American movie star Angelina Jolie is making her directorial debut with a film set during Bosnia’s civil war in the 1990s.
Angelina Jolie is used to being in front of the camera. But for her latest project, the Academy Award-winning actress stepped behind it… and into the brutality of wartime Bosnia.
“The more I learned about it and the more I read about it, the more angry I got about the lack of intervention,” Jolie says, “the more emotional I was about the violence against women. And I wanted to do a film that would help to look into the relationships between not just a couple, but also sisters, and fathers and sons, and mothers and children.”
Jolie wrote as well as directed In the Land of Blood and Honey. It is a love story between a Muslim woman and a Serb man during Bosnia-Herzogovina’s bloody, three-year ethnic conflict.
Jolie says she hopes the film sparks discussion about the war and Bosnia’s continued struggle since the 1995 peace agreement.
“I want people to remember Bosnia, and I want them to remember what happened, and I want them to pay respect to all of the people who survived, and today, to remember that this country still has so much healing to do,” she explains.
As a United Nations goodwill ambassador, the mother of six and partner to Brad Pitt often brings her influence as an actress to global issues.
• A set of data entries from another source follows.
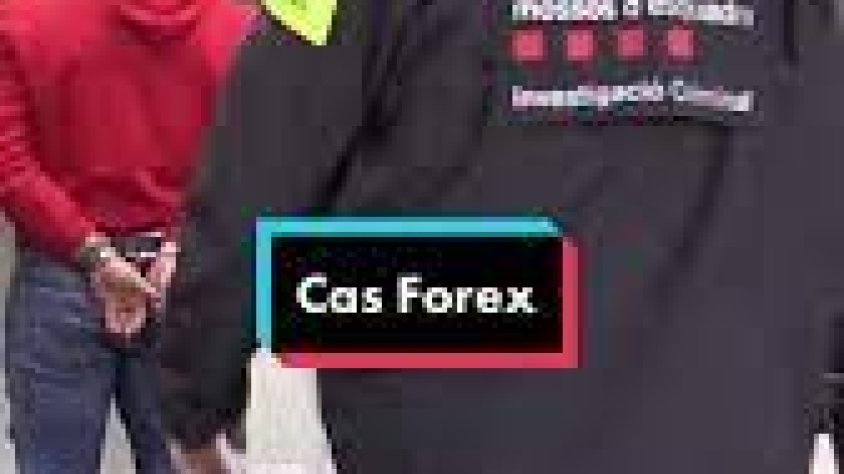 Cas Forex investigat pels Mossos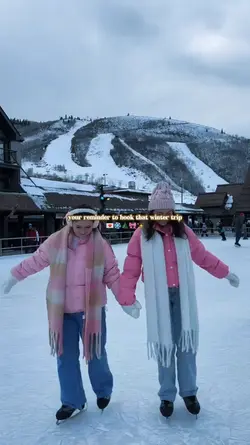 winter trip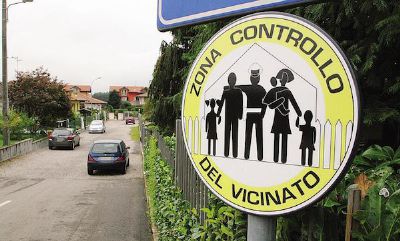 Un occhio sulla città col controllo di vicinato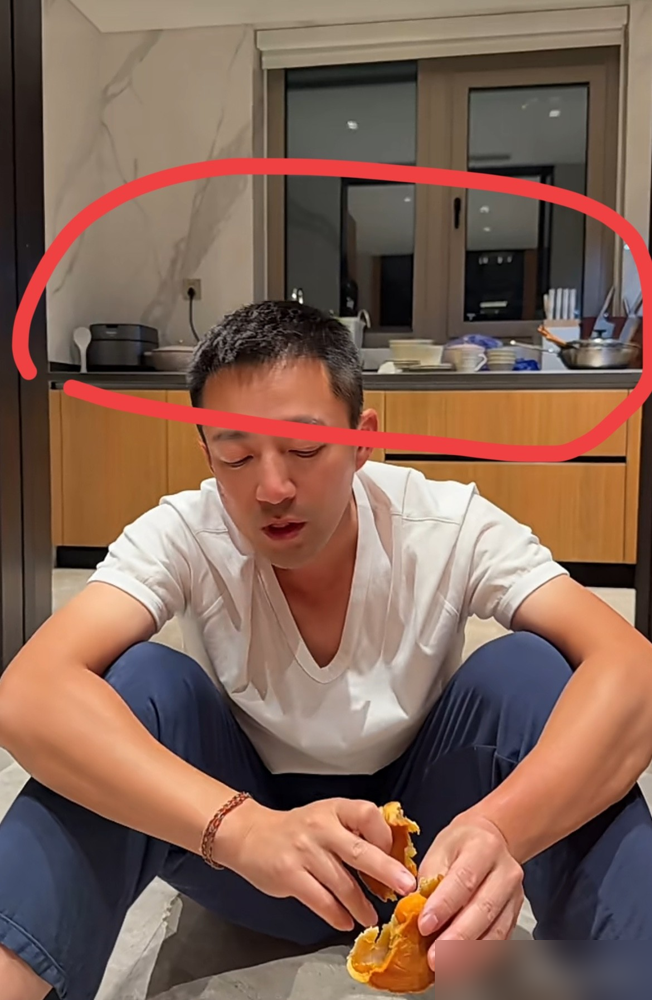 汪小菲家厨房台面那一层油垢，直接把评论区看傻眼了。请了俩保姆，一个年薪30万跟了十几年的小杨阿姨，一
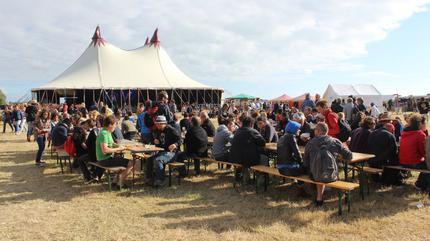 Chauffer dans la Noirceur 2019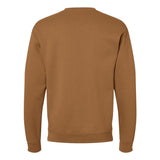JERZEES - Unisex NuBlend® Crewneck Sweatshirt - 562MR - Golden Pecan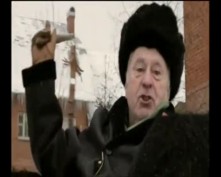 Жириновский ответит за… осла (видео)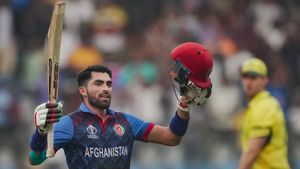 AUS vs BAN, World Cup 2023: Ibrahim Zadran reveals how Sachin Tendulkar helped him slam historic century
But this time is different.
“This film is the first time that these worlds have collided for me,” Jolie says, “so this film means more to me than any film I’ve ever made.”
A film festival in the Bosnian capital Sarajevo honored Jolie earlier this year, despite initial criticism from Bosnian sexual violence victims and a lawsuit alleging she stole plot pieces from a book.
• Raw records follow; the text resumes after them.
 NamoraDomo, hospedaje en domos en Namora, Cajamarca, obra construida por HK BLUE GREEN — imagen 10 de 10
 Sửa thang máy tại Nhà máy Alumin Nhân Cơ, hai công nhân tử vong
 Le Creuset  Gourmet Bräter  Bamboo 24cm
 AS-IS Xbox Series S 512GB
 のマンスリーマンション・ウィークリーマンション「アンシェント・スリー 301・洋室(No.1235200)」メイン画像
She credits her Bosnian cast and war victims, organizations and officials she consulted with the result.
“It’s not an American film made about Bosnia. It’s a film made with one American and many Bosnians and many people from the area, and we made it together,” she says.
In the Land of Blood and Honey opens in U.S. theaters on December 23. It has two versions: one in English, the other in the Bosnian language.